In a few ways, “Binary DNA” reminds me of “Lost Episodes” — now not due to its content, or maybe because of its fashion of writing (which, admittedly, has the ability, however nevertheless wishes a few paintings), but because of what it accomplishes: It draws together a whole bunch of conventional “weird pc file” creepypastas — “Barbie.Avi,” “Smile Dog,” and so on — into one unique universe. I’m not sure I’d call “Binary DNA” an origin story; it does, however, try to give these types of on-offs a context or a greater meaning. It’s also a beneficial reminder: If you ever get emailed an odd document from someone you don’t know or who does not typically ship strange documents… do not open it.

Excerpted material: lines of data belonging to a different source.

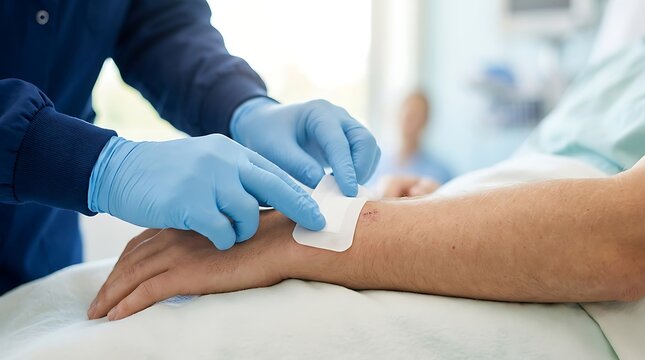 Medical professional applying sterile adhesive dressing to patient arm in hospital setting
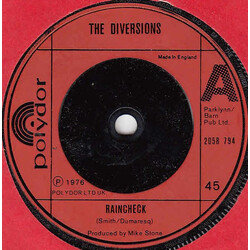 The Diversions Raincheck USED VINYL 7INCH 45 RPM
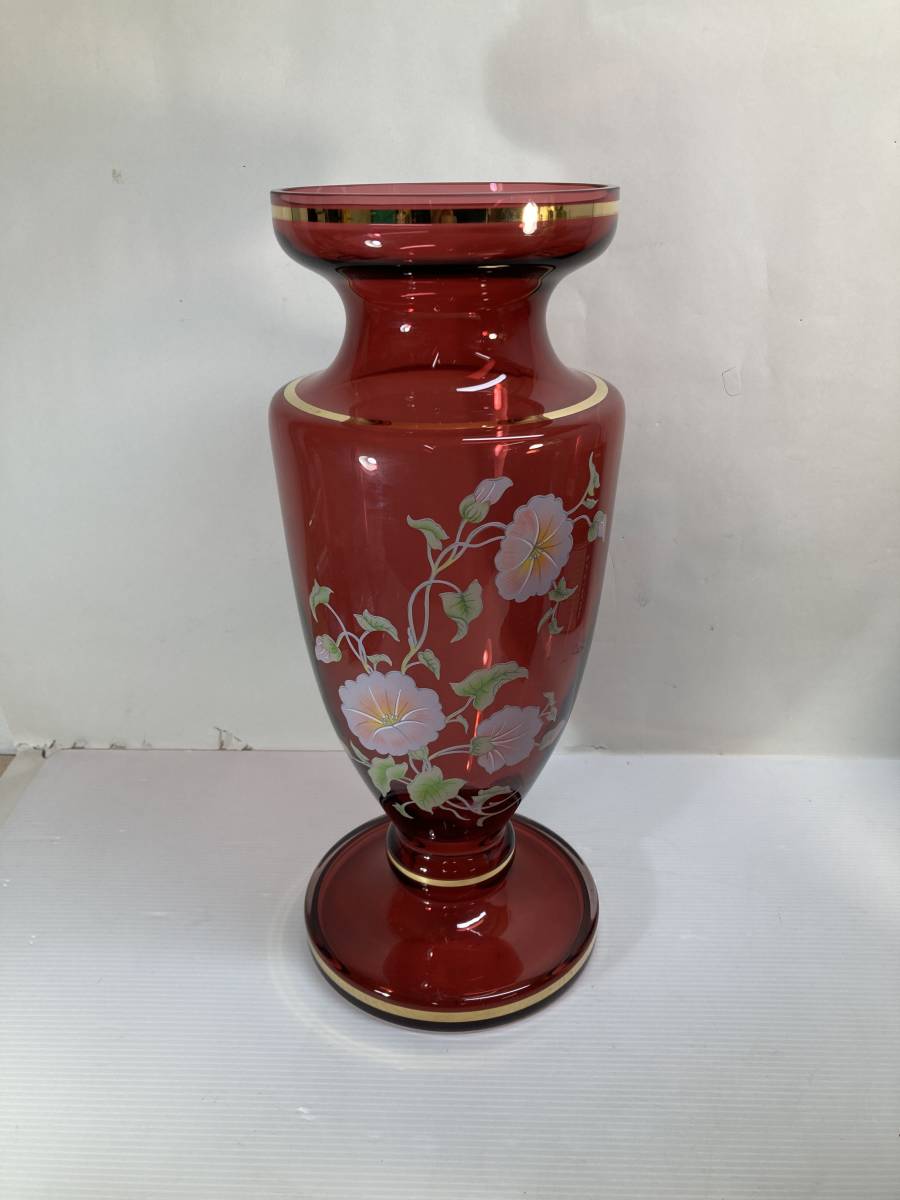 ボヘミアガラス 花瓶 大　花器　壷　40ｃｍ　※箱、タグなし　_画像1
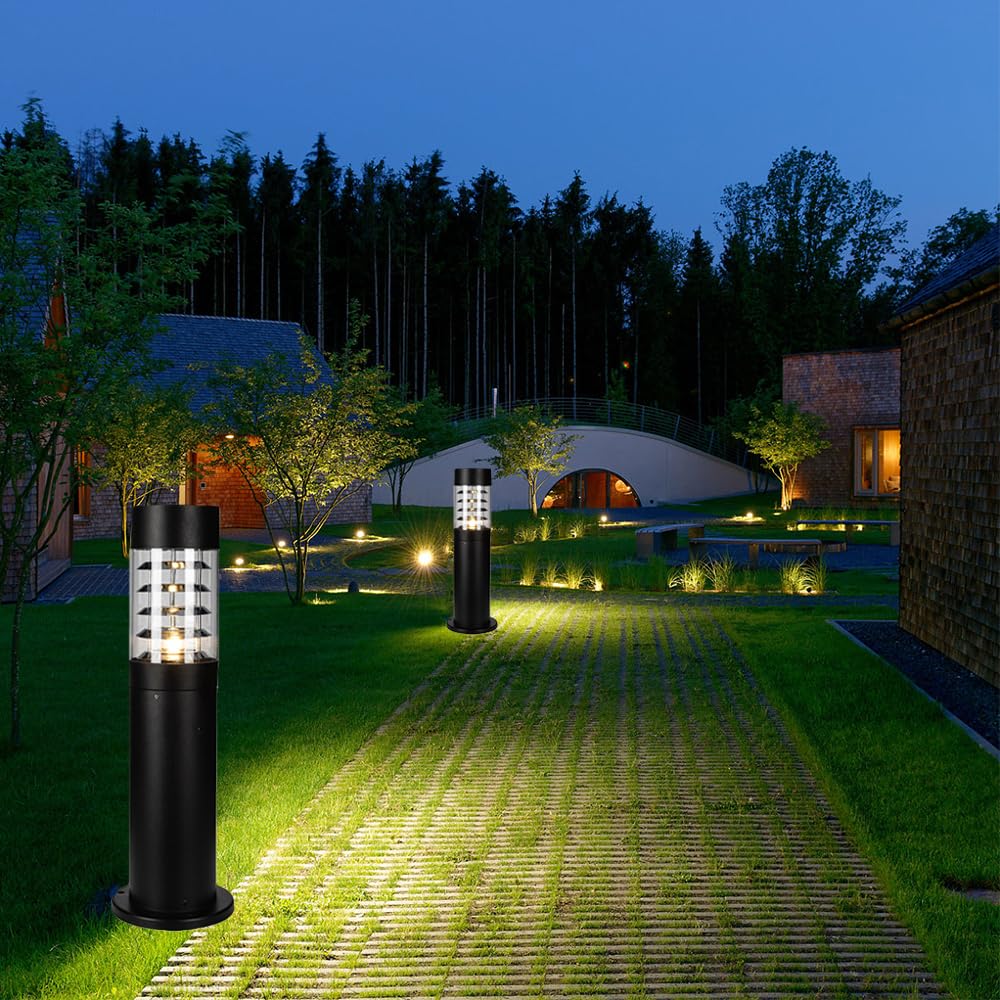 Mengjay Farolas Exterior Jardin,Negro LED Lampara de Jardin IP65 Impermeable Lámpara de Columna,Lámpara de pie para exterior E27 Luz Exterior, para Villa Hotel Patio Terraza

6. “My Dead Girlfriend Keeps Messaging Me On Facebook”

It’s not the most poetic of titles. Still, this tale faucets into what I sense is one of the most unearthly, most troubling components of social media: The query of what occurs to someone’s money owed after they may be incapable of managing it themselves. Facebook lets other users make memorialization requests (with the proper documentation of the route) — but there’s something eerie about a Facebook profile with no one to run it. It’s like a literal ghost within the device.

7. “Psychosis”

I’ve generally attempted to assemble a list for this particular roundup of testimonies you may have already studied — but I needed to encompass “Psychosis.” A favorite is regularly referred to as one of the fine creepypasta stories out there; it might make you not simply swear off era for appropriate; however, kill your computer witha fireplace for the proper measure. It’s long… however, it is worth it.

Carol P. Middleton
Student. Alcohol ninja. Entrepreneur. Professional travel enthusiast. Zombie fan. Practiced in the art of donating rocking horses for the underprivileged. Crossed the country researching hula hoops in Deltona, FL. Won several awards for supervising the production of etch-a-sketches in Nigeria. Uniquely-equipped for investing in bathtub gin in the financial sector. Spent a year building g.i. joes worldwide. Earned praise for deploying childrens books in Africa.